Page 1 of 1

size vs. content

Posted: Thu Oct 20, 2011 9:03 pm
by deckard
Hi - forgive me if this is a silly question, but why does choosing size instead of content produce more results? What criteria is used for content?

Also, why doesn't every file have a hash associated with it? I know I can create hash files (SFV, MD5SUM, etc.), but it seems some files have a hash already embedded.

Would it be better to embed a hash into the files I want to scan (how does one do that anyway?), or would that defeat the purpose as then they would all be unique?

Thanks!

Re: size vs. content

Posted: Fri Oct 21, 2011 5:28 pm
by therube
> why does choosing size instead of content produce more results?

Just for that very reason.

You can have an Apple & a Pear that both weigh the same (same size), yet the content, Apple (applesauce) or Pear (pear juice) are different.
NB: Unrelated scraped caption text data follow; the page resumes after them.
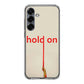 Hold On Samsung Galaxy S25 / S25 Plus Case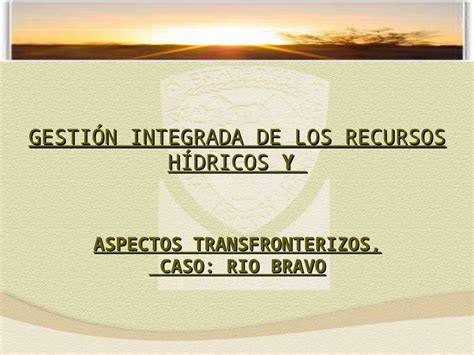 PPT GESTIÓN INTEGRADA DE LOS RECURSOS HÍDRICOS Y ASPECTOS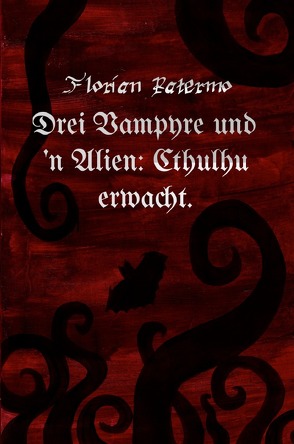 Drei Vampyre und ’n Alien: Cthulhu erwacht. von Patermo,  Florian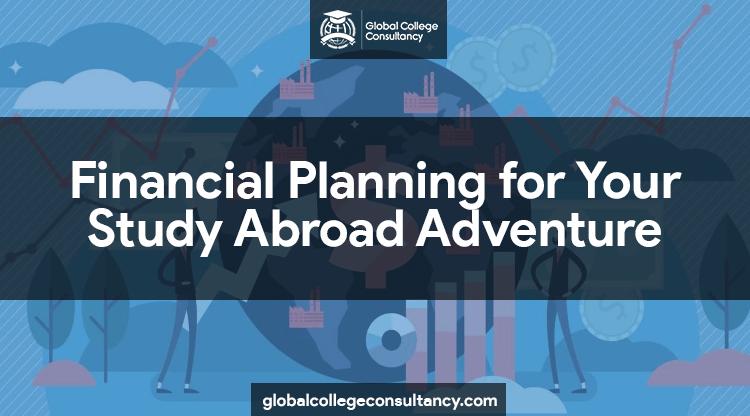 Financial Planning for Your Study Abroad Adventure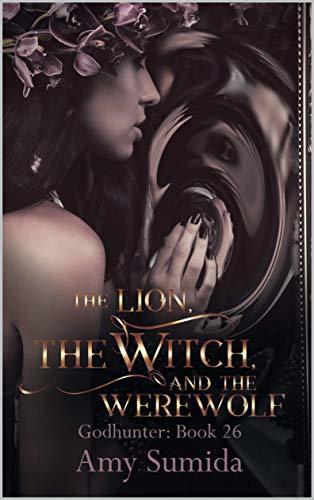 The Lion, the Witch, and the Werewolf book cover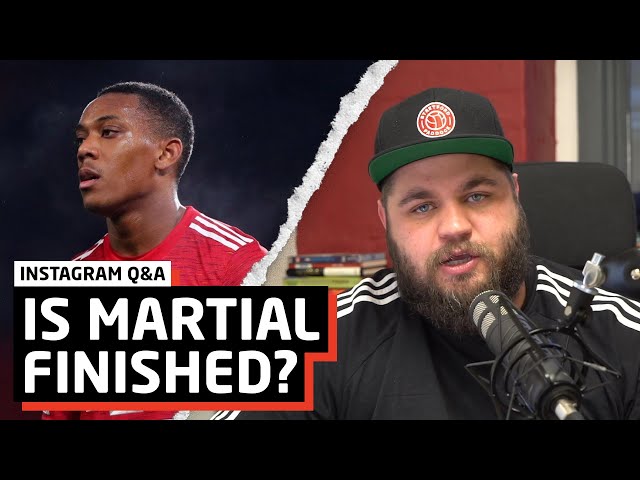 Is Martial Finished At Manchester United?! | Instagram Q&A
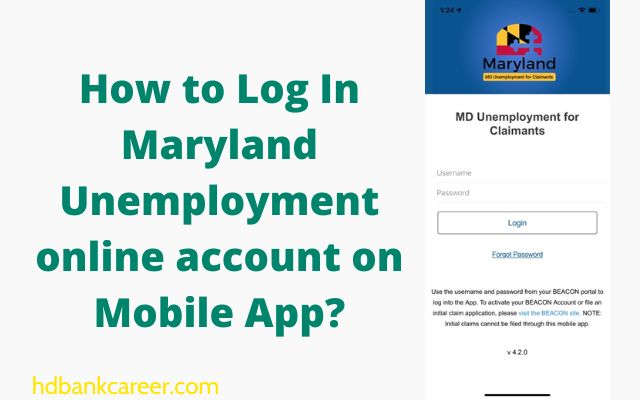 How to Log In Maryland Unemployment online account on Mobile App?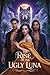 The Rise Of The Ugly Luna: A Rejected Mate Romance Where She Claims Her Power (Rise Of the Ugly Luna Series Book 1)
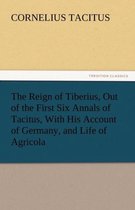 The Reign of Tiberius, Out of the First Six Annals of Tacitus, with His Account of Germany, and Life of Agricola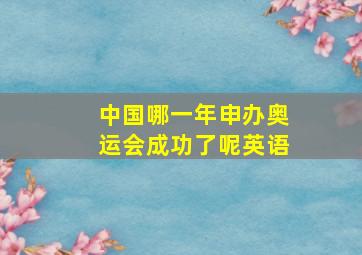 中国哪一年申办奥运会成功了呢英语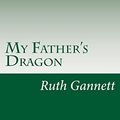 Cover Art for 9781499148909, My Father's Dragon by Ruth Stiles Gannett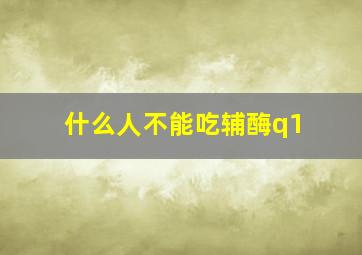 什么人不能吃辅酶q1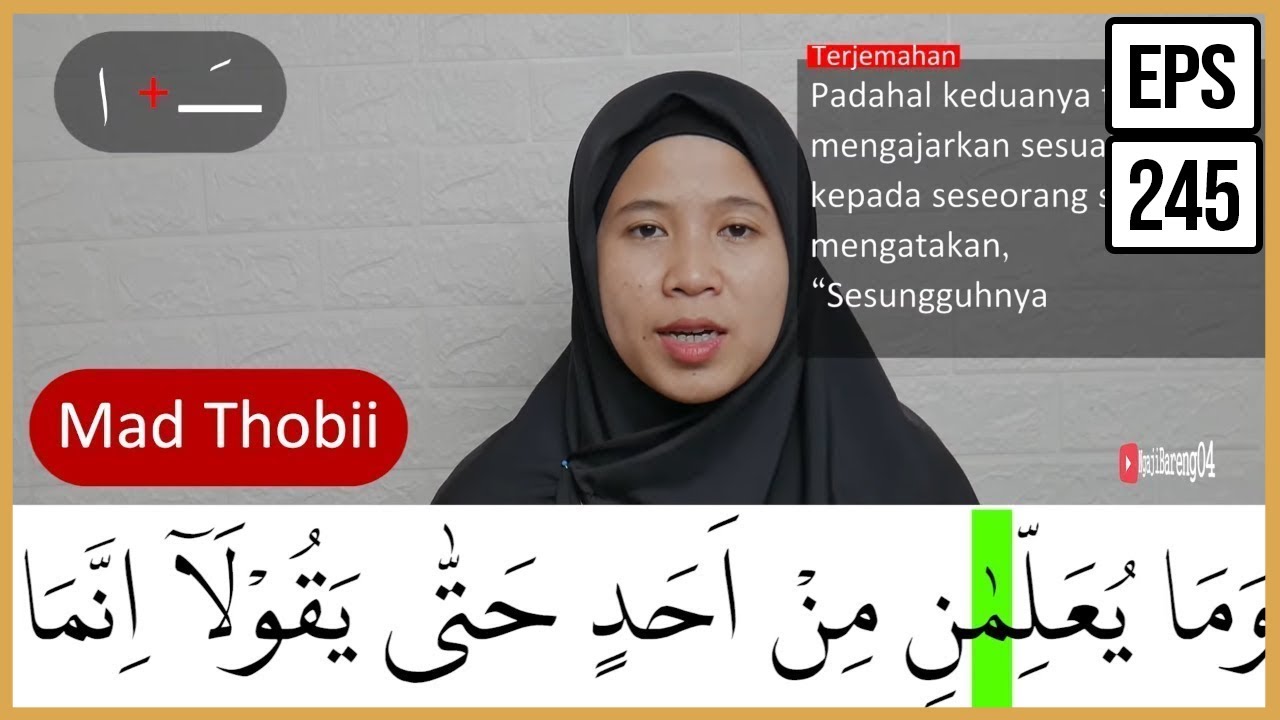 MENGURAI TAJWID SURAH AL BAQARAH AYAT 102 BAG 2 ARTINYA, CARA BACA & CONTOH PENGUCAPANNYA -EPS 245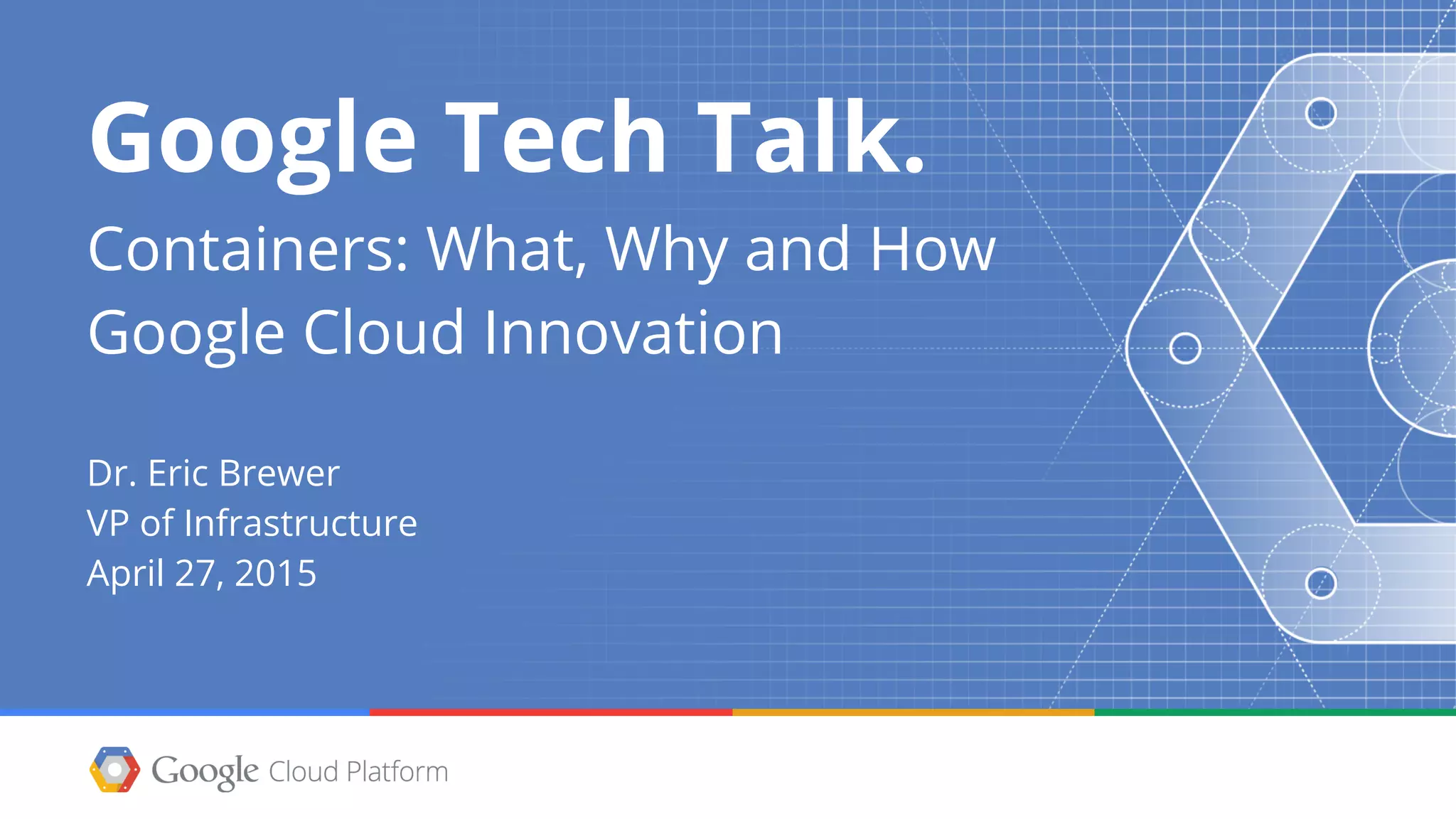 Google Tech Talk.
Containers: What, Why and How
Google Cloud Innovation
Dr. Eric Brewer
VP of Infrastructure
April 27, 2015
 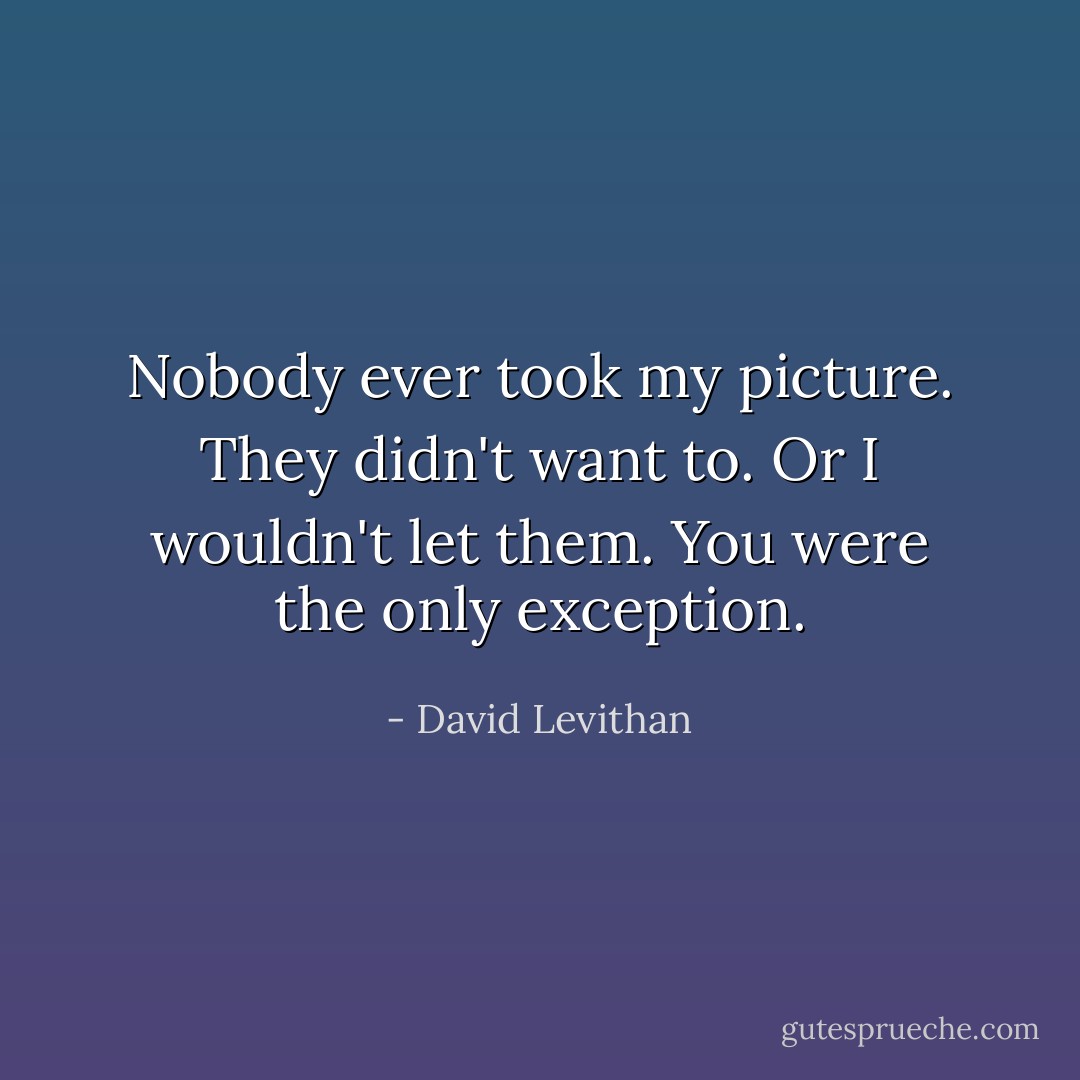 Nobody ever took my picture. They didn't want to. Or I wouldn't let them.<br />You were the only exception. - David Levithan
> What criteria is used for content?

Depending upon the method selected, either a hash of some sort (MD5, or whatever) or a byte-by-byte comparison. A hash is a numerical computation of the files data, & collisions (false results) are known to occur for some methods (though still not very likely, & probably not an issue for intended usages in Duplicate Cleaner), where byte-by-byte compares respective bytes from each file to prove equality.

Re: size vs. content

Posted: Fri Oct 21, 2011 6:46 pm
by deckard
Thank you very much for the clarification. While the answer does appear obvious, I was confused because I have used other duplicate scanners that perform a search by "size", yet they really must have been doing some form of content scan, as the results are different than Duplicate Cleaner.